Reputation: 2256
I need to sort values for some columns per row, but only if some other reference columns for same row have identical values (skipping NA and NULL). The columns are of different types (to sort are characters, reference are lists).
MWE below. Only row 2 should NOT be sorted.
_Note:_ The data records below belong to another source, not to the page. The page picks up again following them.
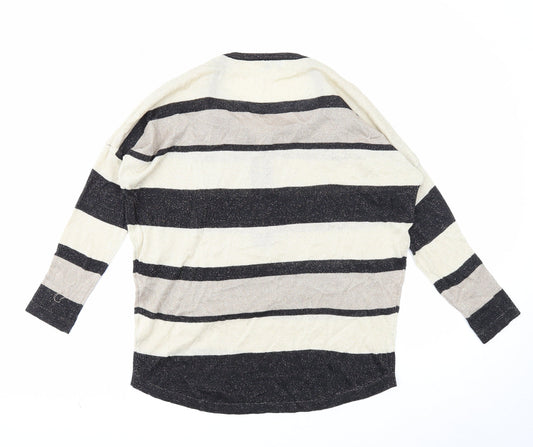 Blue Vanilla Womens Beige Round Neck Striped Viscose Pullover Jumper Size S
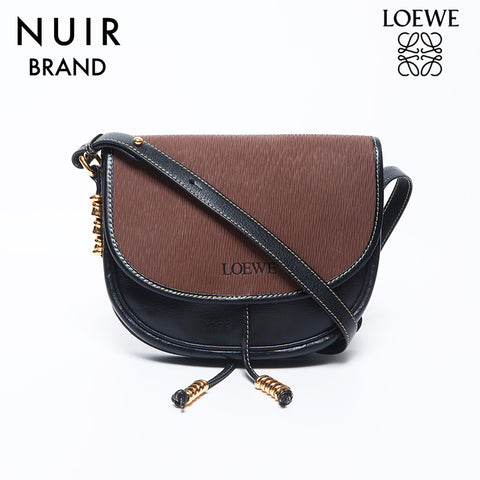 LOEWE Velazquez Leather Shoulder Bag Brown Black WS11141
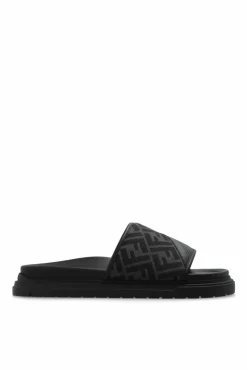 Fendi CZARNY Klapki z logo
DT.is is the data.table to use, and DT.want is what is needed.
library(data.table)
DT.is <- data.table(Col_A=c("V2", "V2", "V2", "V2"),
Col_B=c("V3", "V3", "V1", "V1"),
Col_C=c("V1", "V1", NA_character_, NA_character_),
Ref_A=list(c("RA", "RB"), "RB", "RA", "RA"),
Ref_B=list(c("RA", "RB"), c("RA", "RB"), "RA", "RA"),
Ref_C=list(c("RA", "RB"), "RA", NULL, NA_character_))
DT.want <- data.table(Col_A=c("V1", "V2", "V1", "V1"),
Col_B=c("V2", "V3", "V2", "V2"),
Col_C=c("V3", "V1", NA_character_, NA_character_),
Ref_A=list(c("RA", "RB"), "RB", "RA", "RA"),
Ref_B=list(c("RA", "RB"), c("RA", "RB"), "RA", "RA"),
Ref_C=list(c("RA", "RB"), "RA", NULL, NA_character_))
The original data.table has many rows.
Upvotes: 1
Views: 75
Reputation: 47300
It's been quite a ride :) :
I have no idea how to do it with data.table
so here's a tidyverse
solution :
library(tidyverse)
DT.is %>%
rownames_to_column %>%
gather(key,value,-1) %>%
separate(key,c("type","V")) %>%
spread(type,value) %>%
mutate(Ref2=as.character(Ref),
Col = unlist(Col)) %>%
group_by(rowname,Ref2) %>%
mutate(Col = sort(Col,na.last=TRUE)) %>%
ungroup %>%
select(-Ref2) %>%
gather(type,value,Col,Ref) %>%
unite(key,type,V) %>%
spread(key,value) %>%
as.data.table
# rowname Col_A Col_B Col_C Ref_A Ref_B Ref_C
# 1: 1 V1 V2 V3 RA,RB RA,RB RA,RB
# 2: 2 V2 V3 V1 RB RA,RB RA
# 3: 3 V1 V2 NA RA RA NULL
# 4: 4 V1 V2 NA RA RA NA
I'm first converting to long format because this way i'll be able to group by your Ref
values. Then I sort by initial row id and Ref
value (converted to character temporarily as one can't group by list) and then I climb all the way abck to initial format.
Upvotes: 1